## Image-text web data:
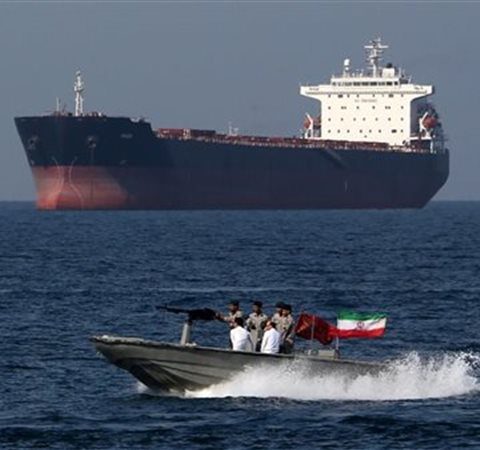 إيران توقف حركة مرور السفن بمضيق هرمز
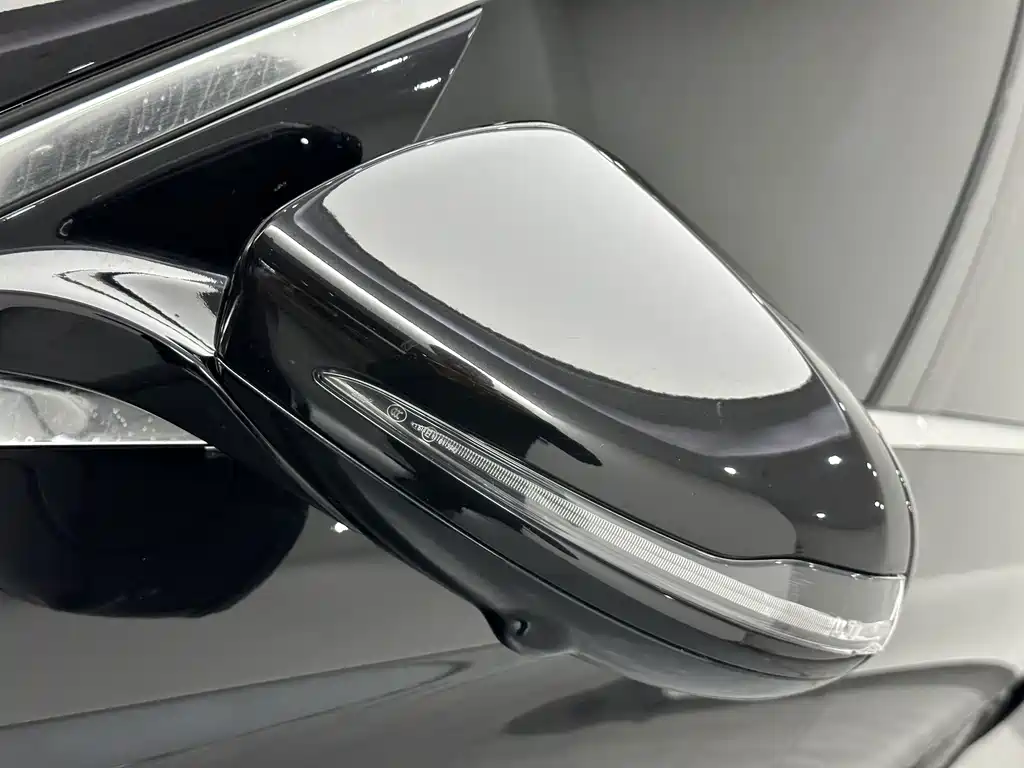 Mercedes-Benz E-Class — миниатюра 22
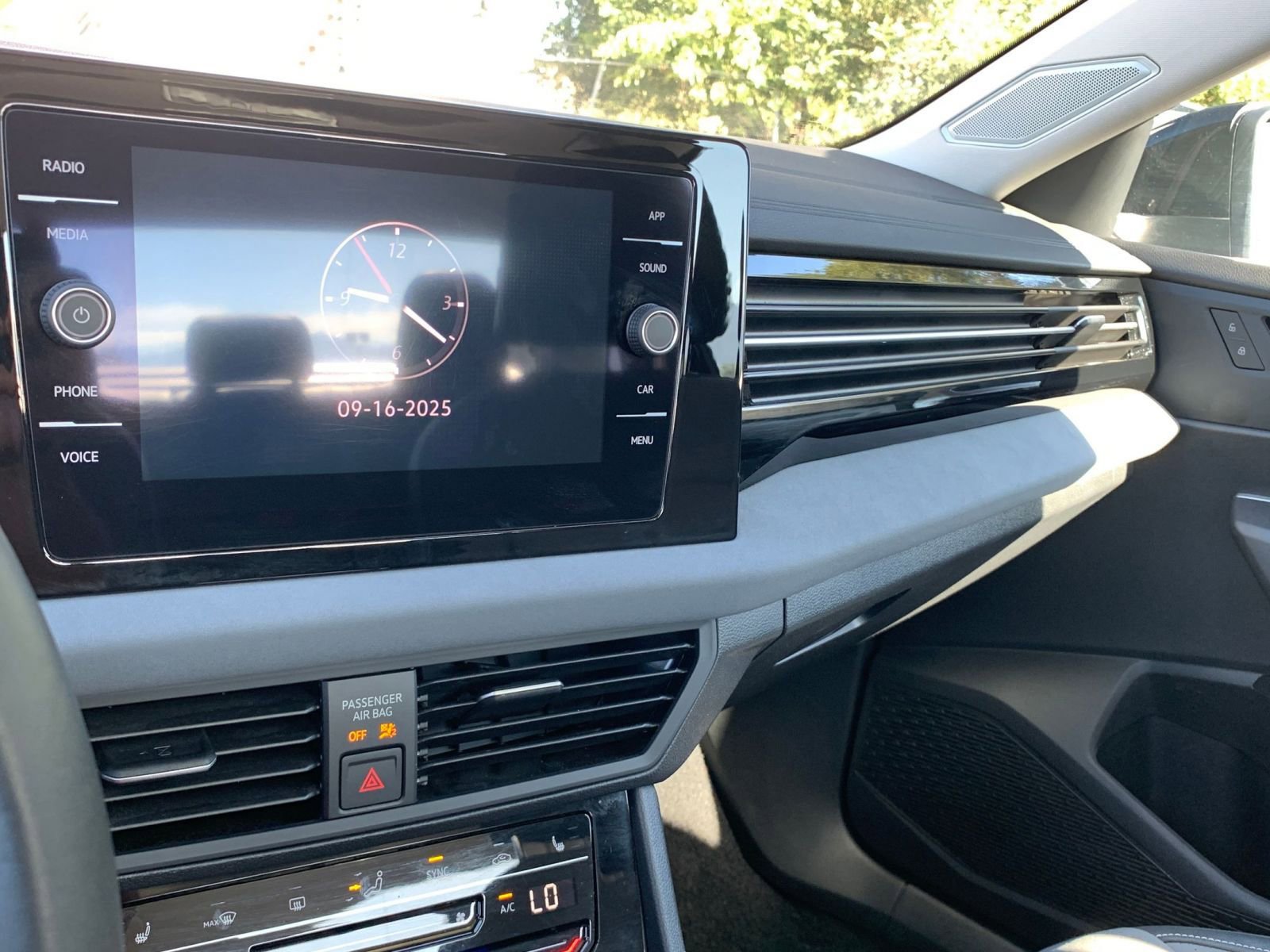 Thumbnail: 2025 Volkswagen Jetta - 18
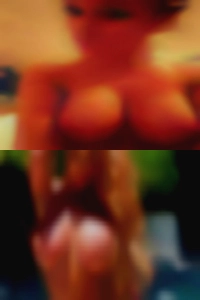 Mark45rpm, nude housewife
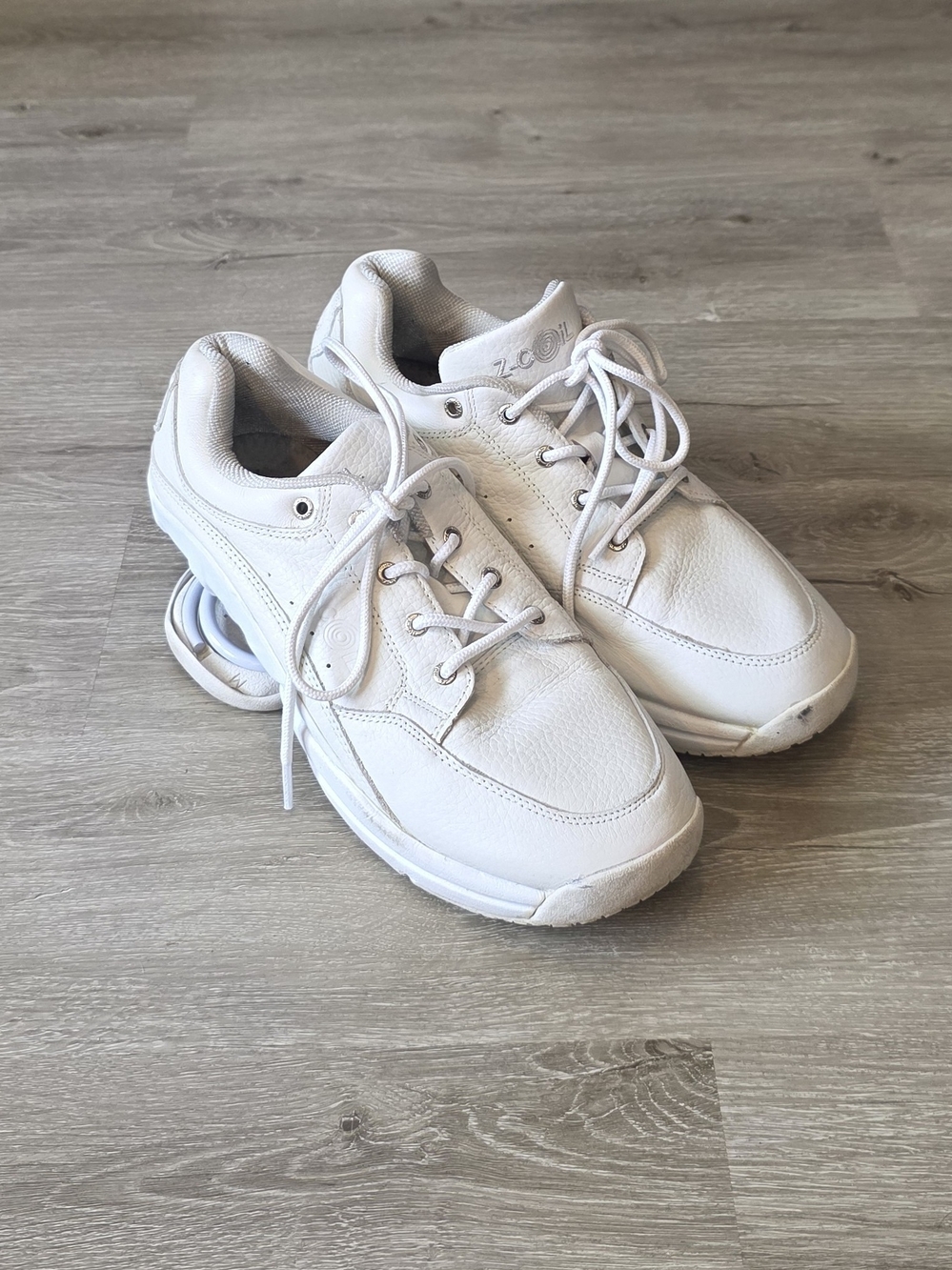 Z-Coil Cloud Walker White Spring Heel Walking Shoes Women’s Size 10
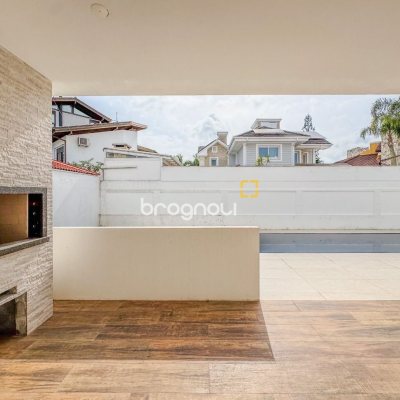 Casa com 450m², 4 quartos (sendo 4 suítes), 4 garagens, no bairro Jurerê Internacional em Florianópolis
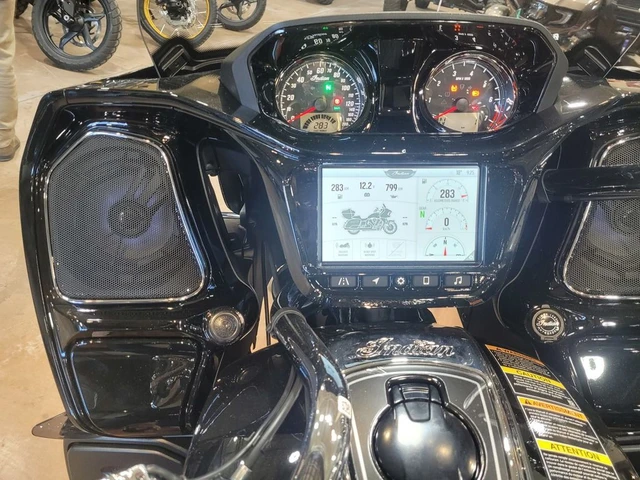 2026 Indian, schwarz, 10 km, Import Kanada — Foto 5 z 5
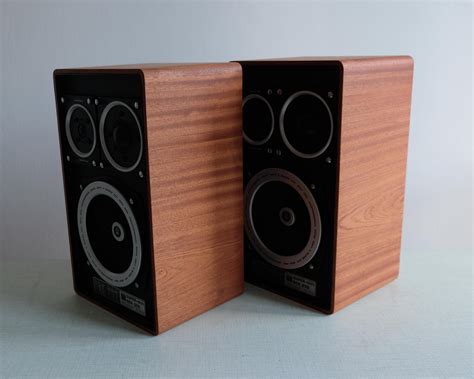 Marcin zaborski wraca do upalnego lata 1939 roku. Grundig box 650 prof mahogany (mahoń) by Marcin Zaborski ...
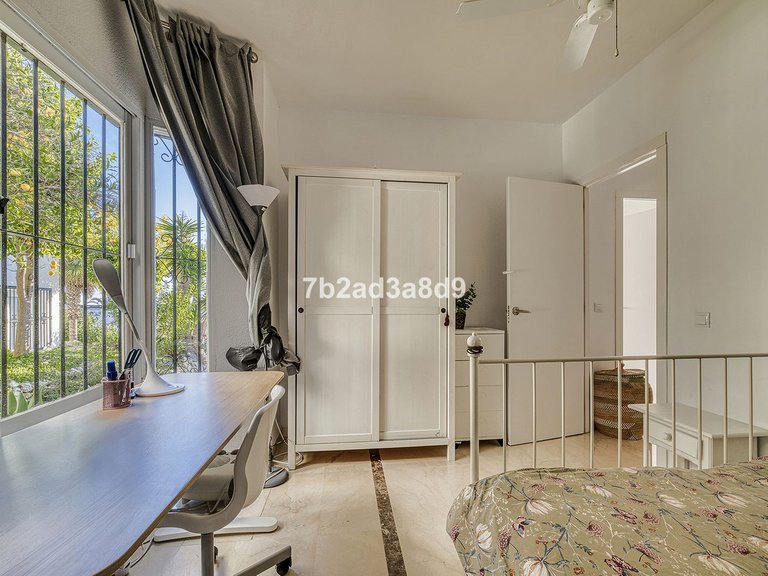 Apartment for Sale in Nueva Andalucía, Malaga 14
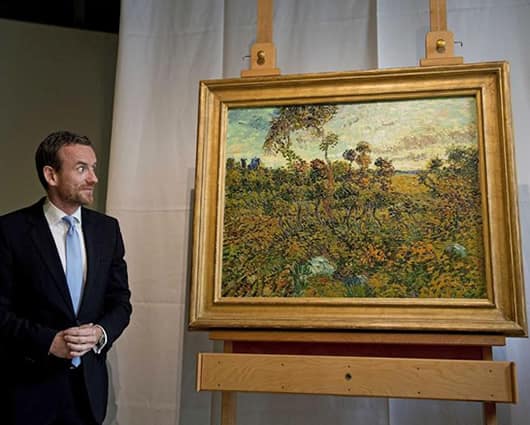 El director del Museo, Alex Rüger, presentan la pintura "Puesta de sol en Montmajour". Foto: EFE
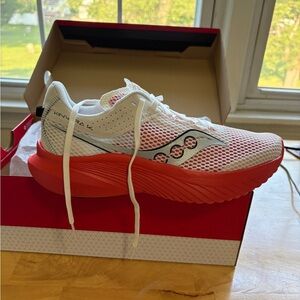 Saucony White and Red Kinvara Sneakers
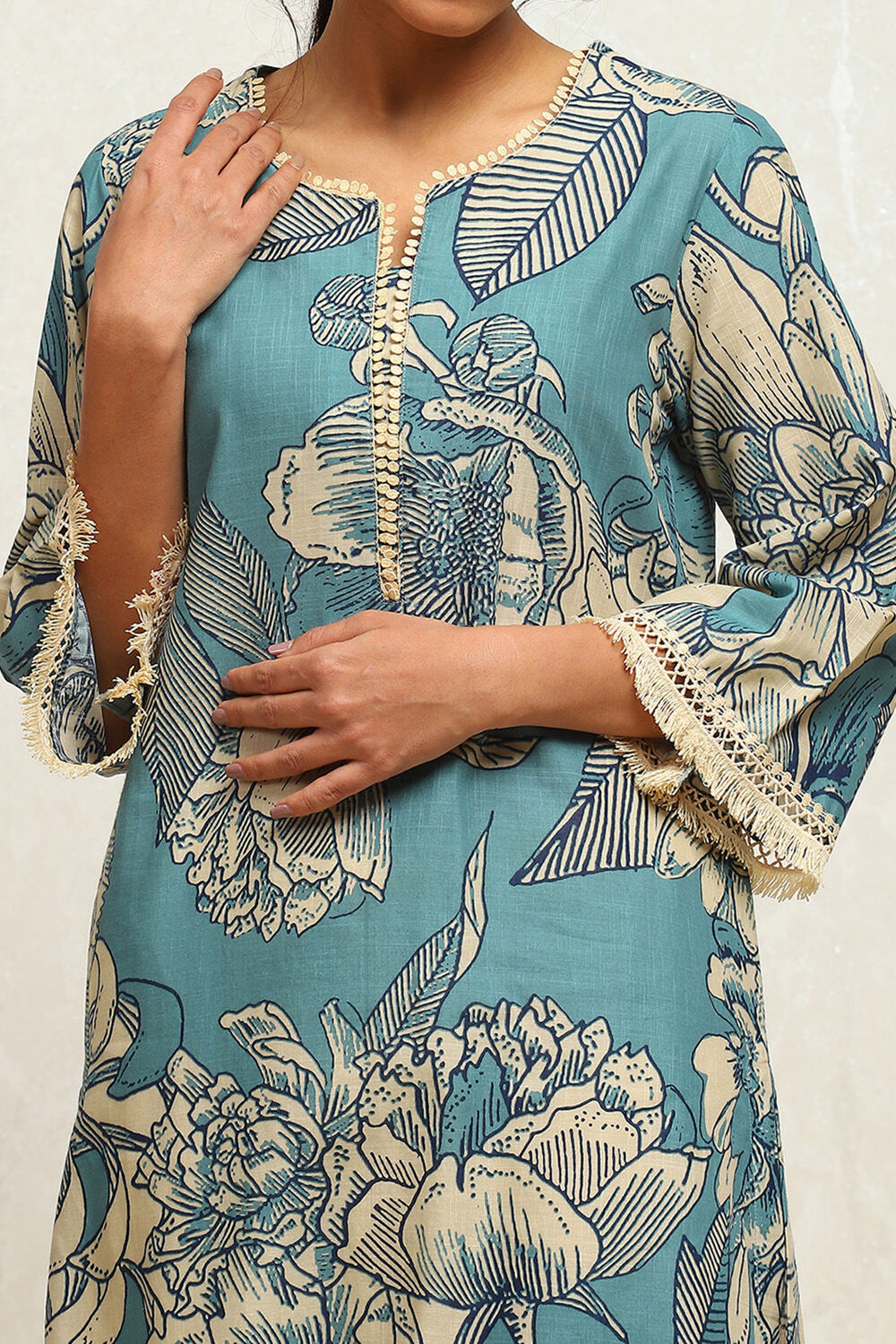 Blue Cotton Floral Printed Straight Kurta image number 1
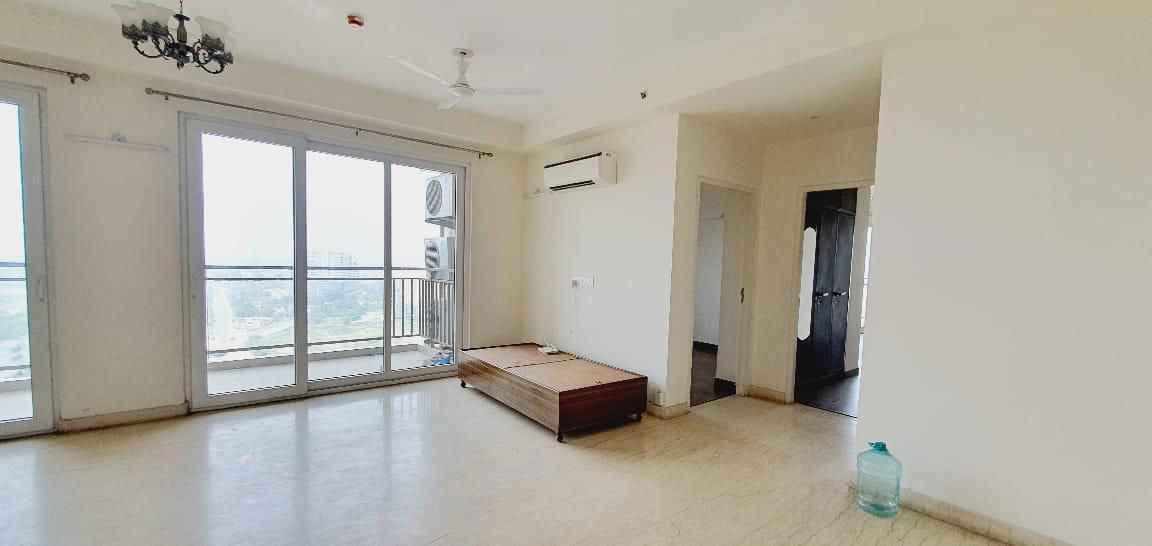 5 BHK for rent in Sector 102, Gurugram — semi-furnished — 2075 sq.ft — Conscient Heritage Max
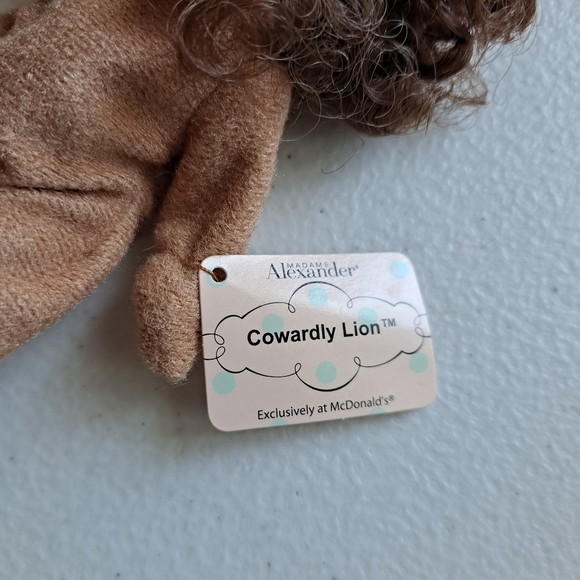 Madame Alexander Wizard of Oz Lion dolls - Picture 3 of 5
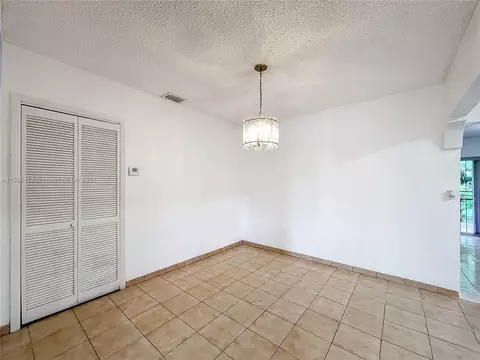 1440 W 3rd Ave, Hialeah, FL 33010 photo 7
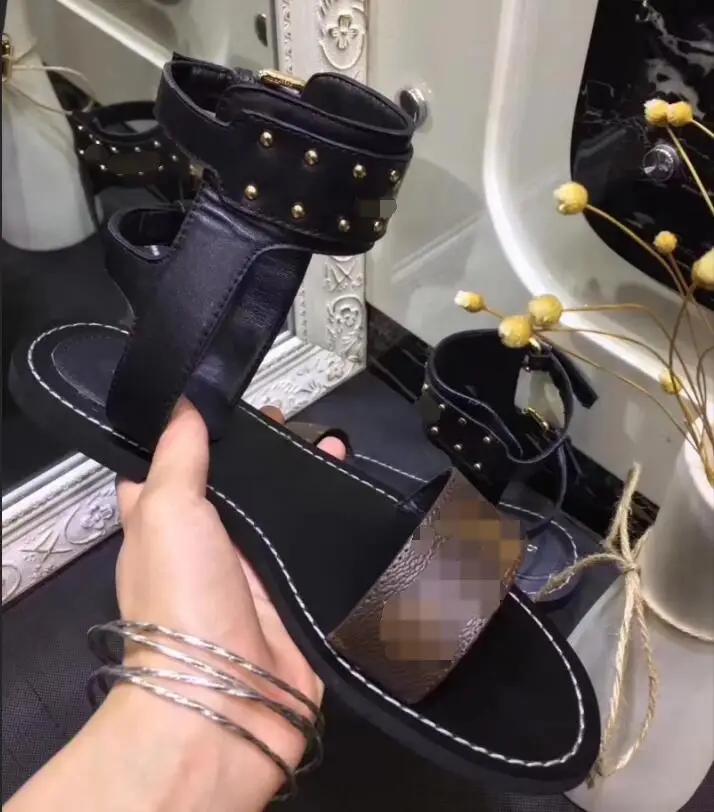 

Drop Ship High Quality Rivets Ladies Sandals Gladiator Buckle Strap Woman Brand Genuine Leather Summer Sandals 19SS Flat Heel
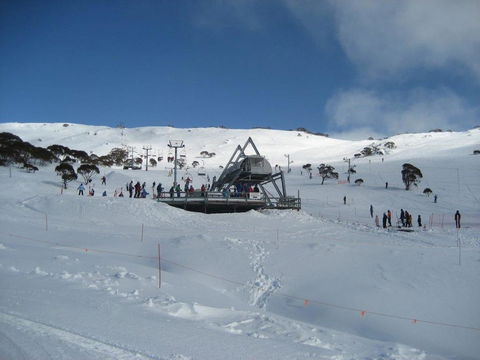 Knockshannoch Ski Lodge - South Australia Travel 2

## Work request:
Line for line, restate the data above and omit every picture.

## Answer for the task:
 إيران توقف حركة مرور السفن بمضيق هرمز
 Mercedes-Benz E-Class — миниатюра 22
 Thumbnail: 2025 Volkswagen Jetta - 18
 Mark45rpm, nude housewife
 Z-Coil Cloud Walker White Spring Heel Walking Shoes Women’s Size 10
 Casa com 450m², 4 quartos (sendo 4 suítes), 4 garagens, no bairro Jurerê Internacional em Florianópolis
 2026 Indian, schwarz, 10 km, Import Kanada — Foto 5 z 5
 Marcin zaborski wraca do upalnego lata 1939 roku. Grundig box 650 prof mahogany (mahoń) by Marcin Zaborski ...
 Apartment for Sale in Nueva Andalucía, Malaga 14
 El director del Museo, Alex Rüger, presentan la pintura "Puesta de sol en Montmajour". Foto: EFE
 Saucony White and Red Kinvara Sneakers
 Blue Cotton Floral Printed Straight Kurta image number 1
 5 BHK for rent in Sector 102, Gurugram — semi-furnished — 2075 sq.ft — Conscient Heritage Max
 Madame Alexander Wizard of Oz Lion dolls - Picture 3 of 5
 1440 W 3rd Ave, Hialeah, FL 33010 photo 7

Drop Ship High Quality Rivets Ladies Sandals Gladiator Buckle Strap Woman Brand Genuine Leather Summer Sandals 19SS Flat Heel
 Knockshannoch Ski Lodge - South Australia Travel 2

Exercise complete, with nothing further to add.